O PL 2.697/2023, de autoria do senador Randolfe Rodrigues (PT-AP), conta com relatório favorável do senador Alan Rick (Republicanos-AC), que apresentou um substitutivo ao texto original.
Com as alterações, o projeto reduz a zero as alíquotas da Contribuição para o PIS/Pasep e da Cofins nas vendas internas para as Áreas de Livre Comércio de Tabatinga (AM), Macapá e Santana (AP), Brasiléia e Cruzeiro do Sul (AC) e Guajará-Mirim (RO).
Segundo Alan Rick, o texto preserva o mérito da proposta ao tratar de forma isonômica todas as ALCs do país. O relator destaca ainda que o projeto utiliza uma lei interpretativa para solucionar uma questão já amplamente judicializada.
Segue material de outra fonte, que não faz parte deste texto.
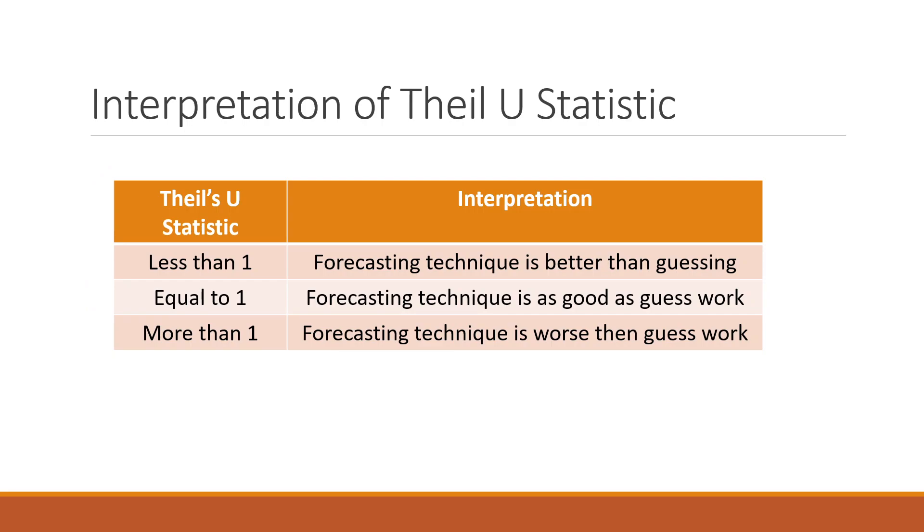How to interpret Theil's U statistics? If the value of the Theil's U statistic is less than 1, your forecasting technique is better than guesswork. If it is equal to 1, the forecasting technique is as good as guesswork. If it is more than 1, the forecasting technique is worse than guesswork.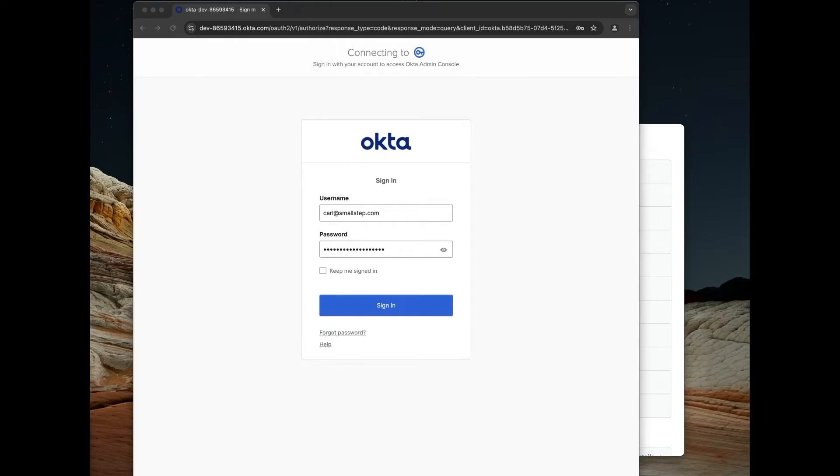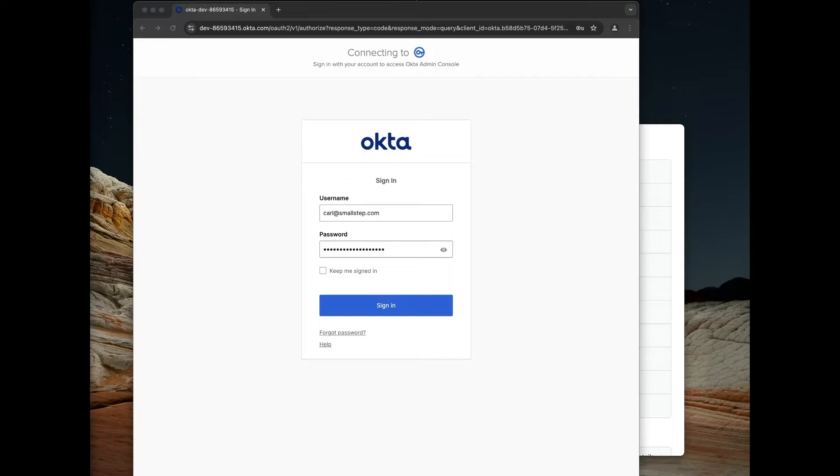Hey, it's Carl from SmallStep. Today I want to show you an authentication factor we've created for Okta. It allows you to lock down your most sensitive resources with device authentication.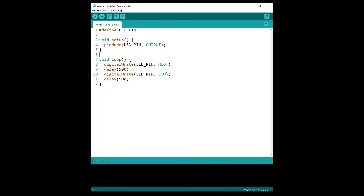We are going to start with the simplest possible example: the blink LED example. We define an LED pin, use pinMode to set the LED pin as output, and then alternate between digitalWrite HIGH and LOW to power on and power off the LED. This is what we want to change — the delay of 500ms between the two states.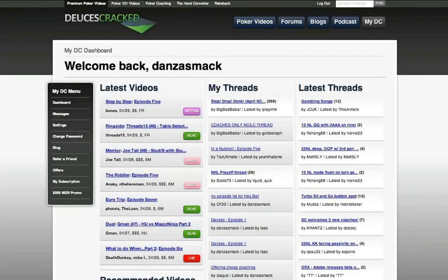Once you've settled into DC, take a look at the My DC tab, where you'll find your dashboard. Here, you can find the latest videos posted, threads you've posted in previously that have been updated, as well as the newest threads on the forum, so you know what's being discussed right now.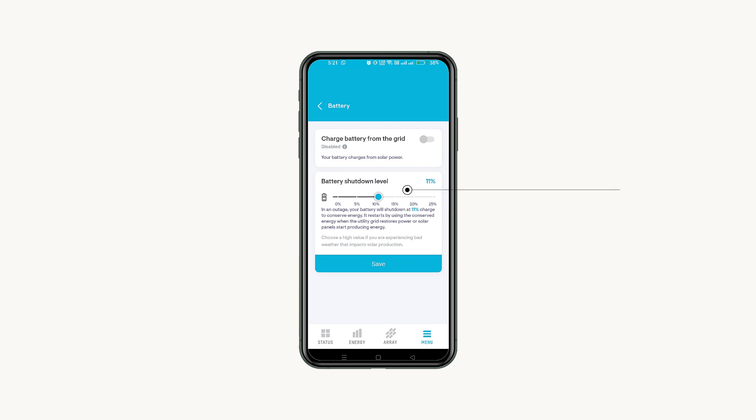You can also set up your battery shutdown level percentage. During a power outage, it will shut down your batteries when they reach a set charge percentage to conserve some energy which will help them to restart when the utility grid restores power or solar panels start producing energy.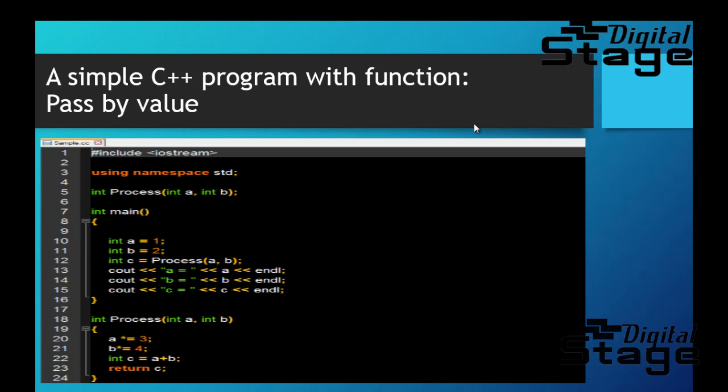In this case you're sending one and two to the function called process - you're not actually sending the variable A and B. That means pass by value. You're actually sending the value, not the variable. So whatever value of A and B is, it's not going to affect any value of A and B in the main function, even though it was changed in the function called process. So far so good.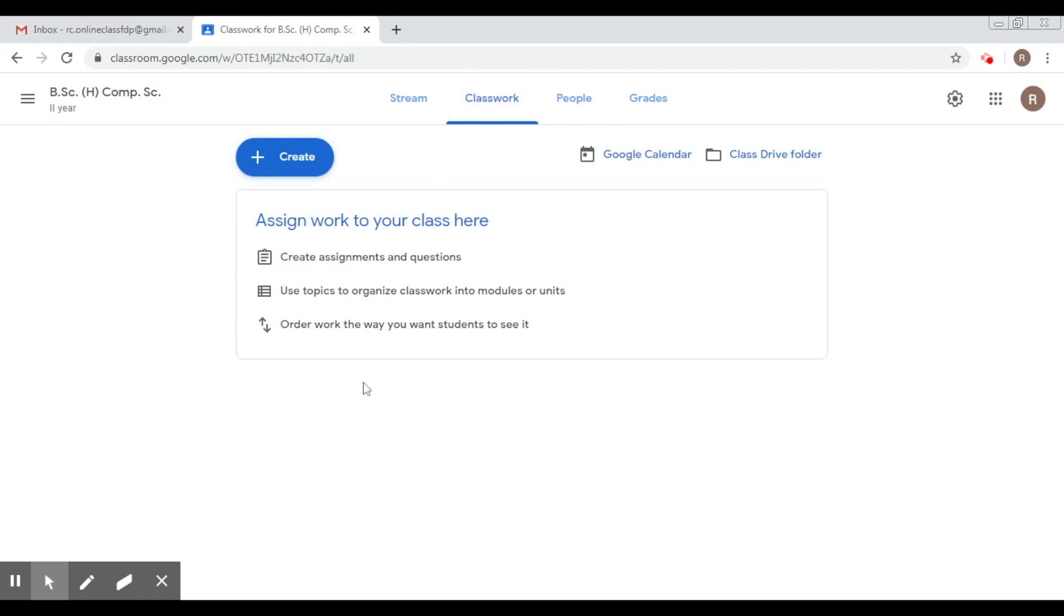So till then, I would ask you all to add students to your classroom and any co-teachers if you would like to. Thank you a lot.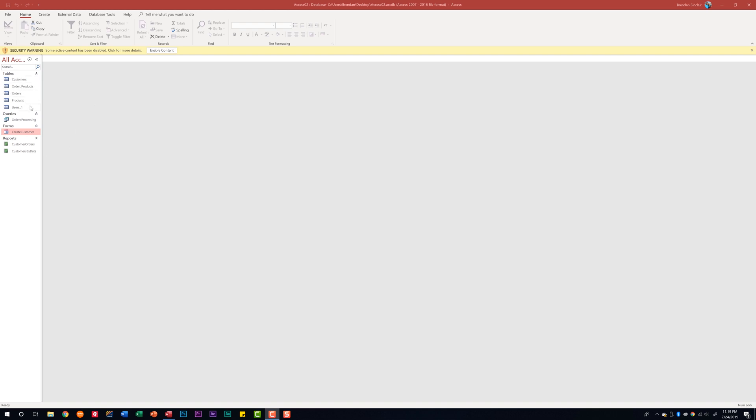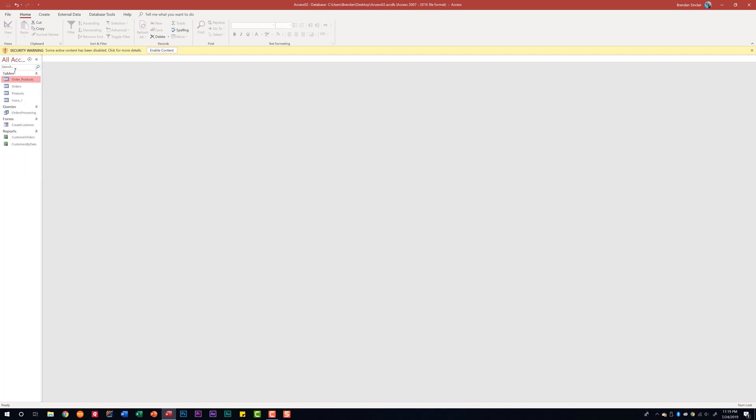and forms, but what I'm going to do is go ahead and hide this customers table. I'm going to select it, right-click on it, and select hide in this group and now it's disappeared. We'll go ahead and also hide the customer orders table by right-clicking on it and going to hide in this group.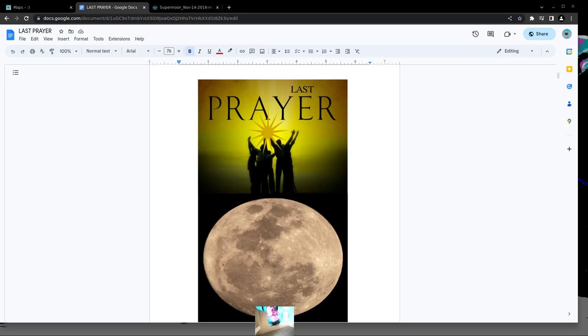Hi everybody, so tonight I'm going to talk about The Last Prayer. I'm really breaking the rules here.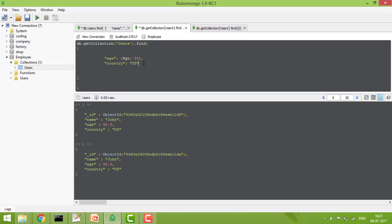So in find we have seen: getting all documents, giving equality conditions, using comparison operators, and combining conditions with AND/OR. These are all the things through which we can improve our find queries.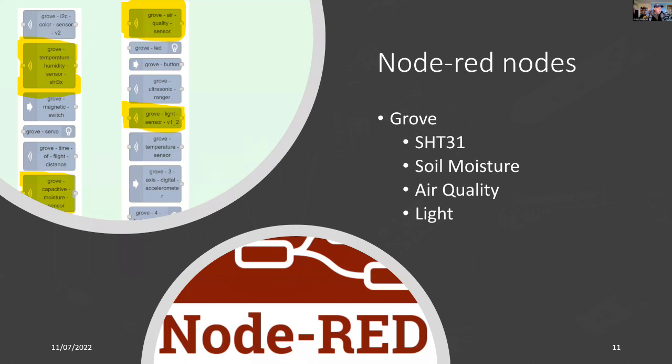For software, I'm using Node-RED with additional nodes for Grove. All the devices I've been talking about have nodes already for them. So all you have to do is just plug them in and your software is constructed fairly quickly.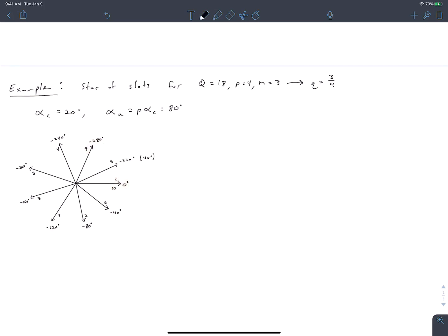We can finish going around the star of slots. We notice that in the fractional slot winding, slot phasors don't always appear in the same order on the phasor diagram. In an integral slot winding, the next slot clockwise from slot 1 would have been slot 2. But here, the next slot clockwise from slot 1 is slot 6 — the phasor for slot 2 skipped one position. This is another fundamental difference from an integral slot winding.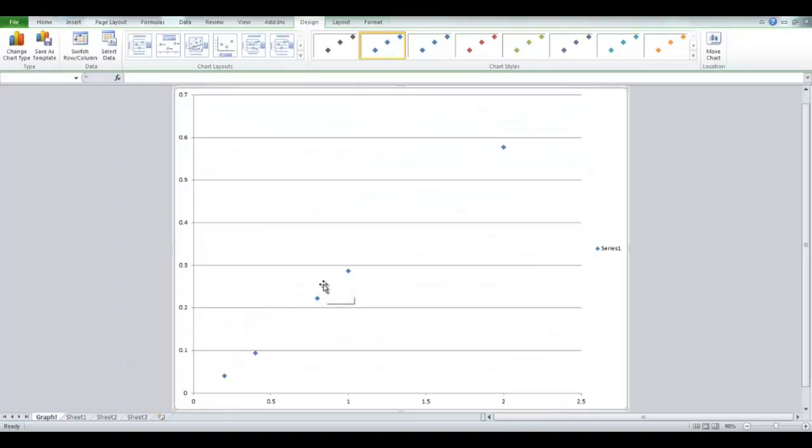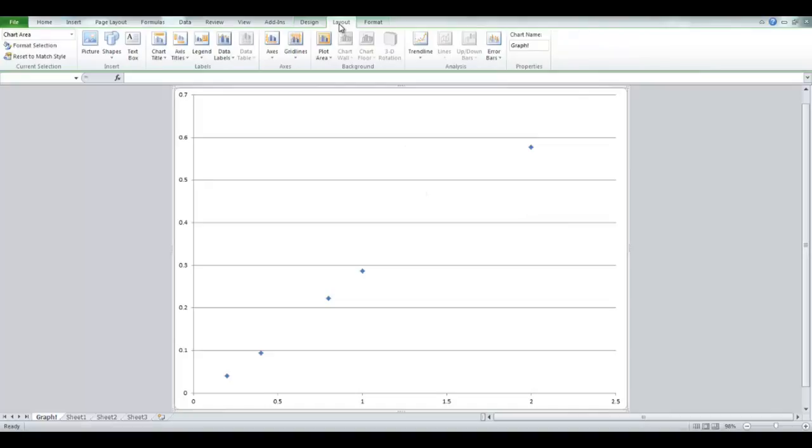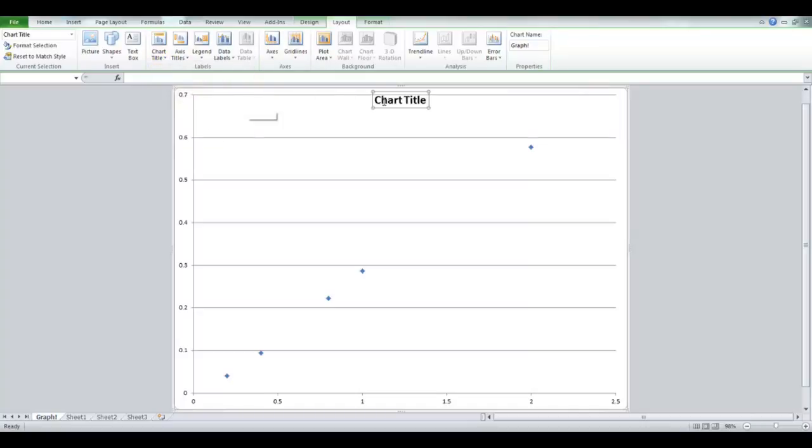So, let's customize it. First thing you want to do is get rid of the legend. Simply left click and backspace. Next you want to go up to Layout, as you can see at the top, and have all your options. Let's start with the chart title. You can choose either of the two, Centered Overlay title or Above Chart. I choose this one, just so I can show you how to resize the graph should you need it.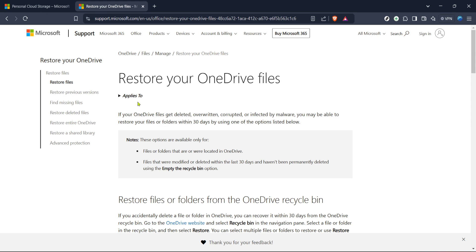And there you have it. After confirming your selections, initiate the restore process and your OneDrive will begin reverting to the specified earlier state. This might take a few moments depending on the amount of data being processed, so be patient. Once completed, navigate back to your OneDrive homepage to verify that your files and settings have been restored as expected.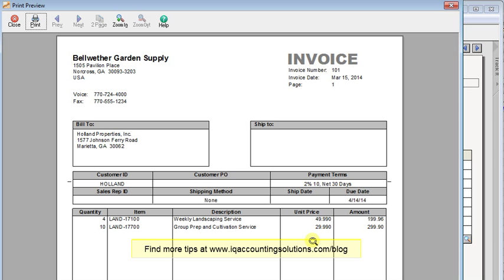So this may seem like an extra step but it does give you the flexibility to have different forms print in different ways.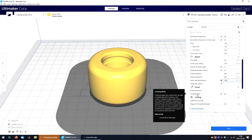Finally, I enabled combing mode. Combing mode keeps the nozzle within an already printed area when traveling. Instead of moving in a straight line from point A to point B, the software will actually choose a completely new path when moving between these points, with the goal of staying within the interior of the object so that there won't be any oozing or stringing.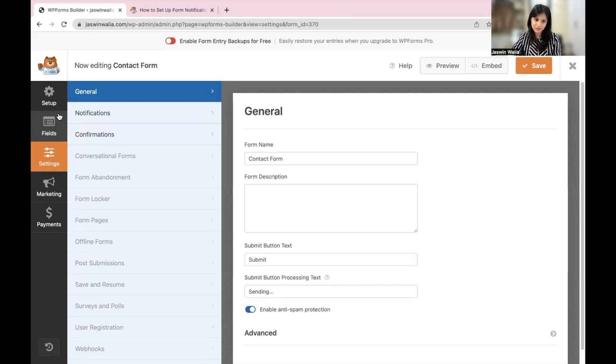Those are the edits you can make to your contact form fields, and you can configure your contact form using these General, Notification, and Confirmation settings. Hope you were able to understand how to configure WP Forms for your website. I'll be coming up with more videos related to digital marketing tools, so stay tuned. If you liked the video, hit the Like button and subscribe with the notification bell. Leave any questions, queries, or suggestions in the comments below. This is Jasmin Valia and I'll see you in our next SOP.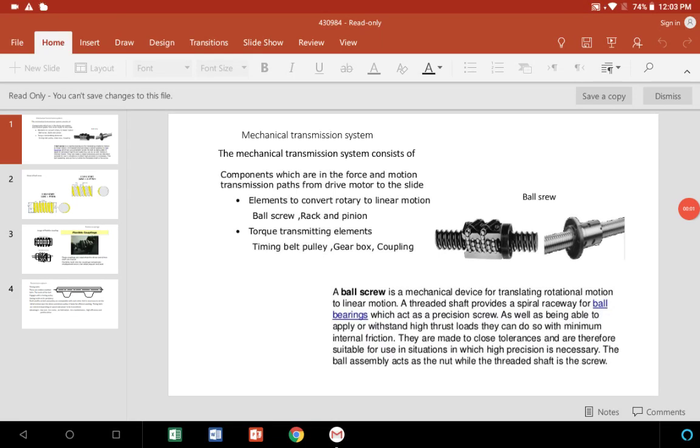Dear students, this slide contains information about mechanical transmission systems where power or motion is to be transmitted from one to another, such as rotary to linear or linear to rotary motion. The main two types are there.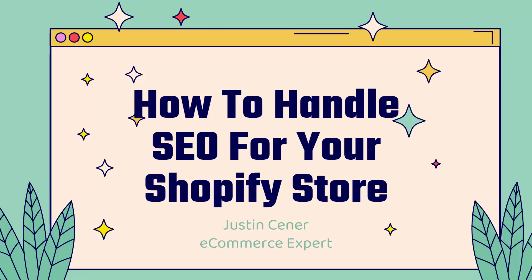Hey everybody, Justin Siener here. In this video I'm going to teach you how to handle SEO or search engine optimization for your Shopify store. Let's jump into it.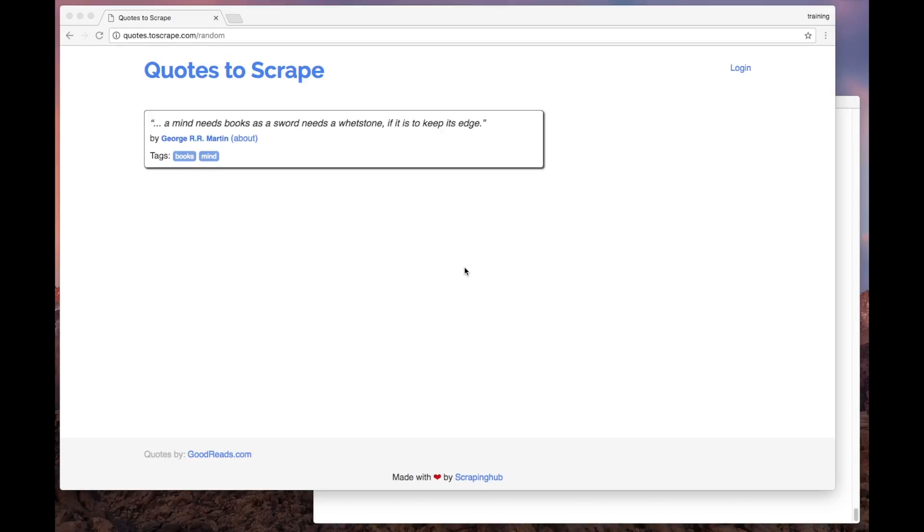Web scraping is basically about extracting pieces of data from web pages. In this video, we'll see how to use Scrapy to extract data from this website, quotes.toscrape.com/random.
A proposta também esclarece o alcance da Lei 10.996, de 2004, que alterou legislações tributárias para conceder benefícios fiscais específicos, e restaura o entendimento anterior à decisão do Superior Tribunal de Justiça (STJ), que havia garantido a equiparação às exportações apenas para empresas das ALCs de Roraima.
Banco Master
Após a votação dos projetos em pauta, a CAE realizará reunião do grupo de senadores que acompanha as investigações envolvendo o Banco Master, para deliberar sobre requerimentos.
Instalado no último dia 4 no âmbito da comissão, o grupo prevê a realização de audiências públicas, diligências, visitas a órgãos de controle e, se necessário, a adoção de medidas como a quebra de sigilos. O plano de trabalho busca fortalecer o papel fiscalizador do Senado e avaliar possíveis mudanças regulatórias e legislativas.